Son œuvre sans doute la plus connue est La Négresse blonde. Publiée en 1909, elle fait l'objet d'un véritable culte, sa folie a traversé les mers et le temps. On raconte qu'après avoir lu ce recueil de poèmes truculents un médecin de Rio de Janeiro fit oxygéner, pour la blondir, la chevelure de ses deux servantes noires ! C'est dire le pouvoir de contagion du comique de Fourest, anarchiste de la rime. Qu'il parodie Hugo ou Corneille (c'est lui qui fait dire à Chimène : « qu'il est joli garçon l'assassin de Papa ! ») ou caresse en ricanant ses souvenirs, cet acrobate de la langue nous entraîne dans son cirque de mots rares et crus, de métaphores précieuses ou bouffonnes, sous le fouet de délires sexuels hilarants.

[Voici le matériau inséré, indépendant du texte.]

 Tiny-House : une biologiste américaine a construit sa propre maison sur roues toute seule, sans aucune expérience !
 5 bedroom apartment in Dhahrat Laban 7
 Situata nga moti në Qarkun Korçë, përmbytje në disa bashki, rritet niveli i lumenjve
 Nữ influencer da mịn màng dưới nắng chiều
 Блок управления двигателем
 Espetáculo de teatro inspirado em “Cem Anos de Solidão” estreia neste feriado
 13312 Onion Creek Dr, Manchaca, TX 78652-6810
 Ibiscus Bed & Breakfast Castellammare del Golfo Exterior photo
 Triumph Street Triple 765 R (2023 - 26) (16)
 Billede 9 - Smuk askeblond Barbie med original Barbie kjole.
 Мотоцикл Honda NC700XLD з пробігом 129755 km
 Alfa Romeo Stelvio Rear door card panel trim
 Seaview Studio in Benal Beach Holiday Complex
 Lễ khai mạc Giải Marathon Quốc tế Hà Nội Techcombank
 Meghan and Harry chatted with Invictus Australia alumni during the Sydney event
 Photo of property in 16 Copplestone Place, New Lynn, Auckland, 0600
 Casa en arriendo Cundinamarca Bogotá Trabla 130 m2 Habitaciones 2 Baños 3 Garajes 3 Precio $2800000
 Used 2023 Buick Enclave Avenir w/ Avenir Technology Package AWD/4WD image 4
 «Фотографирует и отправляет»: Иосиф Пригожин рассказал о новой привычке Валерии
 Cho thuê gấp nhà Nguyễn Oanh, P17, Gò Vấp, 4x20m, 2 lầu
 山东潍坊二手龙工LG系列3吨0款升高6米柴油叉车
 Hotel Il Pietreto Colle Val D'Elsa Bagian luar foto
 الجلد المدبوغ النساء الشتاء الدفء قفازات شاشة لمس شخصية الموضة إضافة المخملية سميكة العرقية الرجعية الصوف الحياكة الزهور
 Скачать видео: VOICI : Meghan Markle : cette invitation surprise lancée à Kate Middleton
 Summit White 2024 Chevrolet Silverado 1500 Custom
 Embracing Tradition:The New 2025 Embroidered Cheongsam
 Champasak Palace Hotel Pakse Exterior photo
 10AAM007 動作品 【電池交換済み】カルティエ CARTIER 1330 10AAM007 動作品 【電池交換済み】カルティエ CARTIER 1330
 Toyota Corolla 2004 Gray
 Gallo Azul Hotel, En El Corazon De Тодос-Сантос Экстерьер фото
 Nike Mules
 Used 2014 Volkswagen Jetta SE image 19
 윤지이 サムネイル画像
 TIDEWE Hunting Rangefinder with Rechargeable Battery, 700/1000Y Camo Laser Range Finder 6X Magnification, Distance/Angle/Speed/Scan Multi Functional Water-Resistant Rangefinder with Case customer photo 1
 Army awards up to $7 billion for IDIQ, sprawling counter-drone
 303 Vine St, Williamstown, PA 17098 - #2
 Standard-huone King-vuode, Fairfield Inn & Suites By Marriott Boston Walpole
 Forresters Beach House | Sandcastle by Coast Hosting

Joseph Savary le décrit ainsi : « Ce fantaisiste impénitent, à la silhouette d’officier ratapoil, est doublé – ô ces contrastes ! – d’un éminent jurisconsulte. Georges Fourest est inscrit au barreau d’une Cour d’Appel et partage son temps entre Dalloz et les Contes d’Edgar Poe. Amoureux fervent de l’excentrique et de l’invraisemblable, ses livres préférés sont Gulliver, Don Quichotte, les Odes Funambulesques de Banville, les Amours jaunes de Tristan Corbière, les Complaintes de Jules Laforgue. Bouvard et Pécuchet, Tribulat Bonhomet, Scarron, Henri Heine, sont ses compagnons de tous les jours, et, à lire cette énumération où manque, peut-être, le Livre des Snobs de Thackeray, on ne s’étonnera pas, s’il s’apitoie, que ce soit sur des Sardines à l’huile et s’il est amoureux, que ce soit d’une Négresse blonde... »

(La Province nouvelle n°13, mai 1897)

 

En avant-goût voici la description de la négresse blonde :

Selon la mode Papoua,
sa mère, enfant la tatoua :
en jaune, en vert, en vermillon,
en zinzolin, par millions,
oiseaux, crapauds, serpents, lézards,
fleurs polychromes et bizarres,
chauves-souris, monstres ailés,
laids, violets, bariolés,
sur son corps noir sont dessinés,
Sur ses fesses bariolées
on écrivit en violet
deux sonnets sibyllins rimés
par le poète Mallarmé...

Georges Fourest, né à Limoges en 1864, suit des études de droit à la faculté de Toulouse, puis de Paris, mais n'exerce pas son métier d'avocat, se déclarant lui-même « avocat... loin la Cour d'appel ». Fréquentant les cercles symbolistes et décadents, il collabore à plusieurs revues dont L'Ermitage. Il se targue de pouvoir « incague[r] la pudeur » et « convomi[r] le bon goût ».

Il est l'auteur de deux recueils de poèmes, nourris entre autres des œuvres de grands auteurs comme Corneille, Racine, Hugo, parodiés de manière burlesque, voire gaillarde. Il se place ainsi dans la lignée de Rabelais et des poètes du début du XVIIe siècle. Il contribue également à des revues limousines, comme Limoges Illustré.

Source Wikipédia : https://fr.wikipedia.org/wiki/Georges_Fourest

Claude Bonnefoy raconte une anecdote à son sujet : « Amoureux des Belles-Lettres, il haïssait les sciences au point de donner dix francs à son fils quand celui-ci avait un zéro en mathématiques. »

Il meurt à Paris le 25 janvier 1945.

 

Document consultable sur place à la BFM Limoges.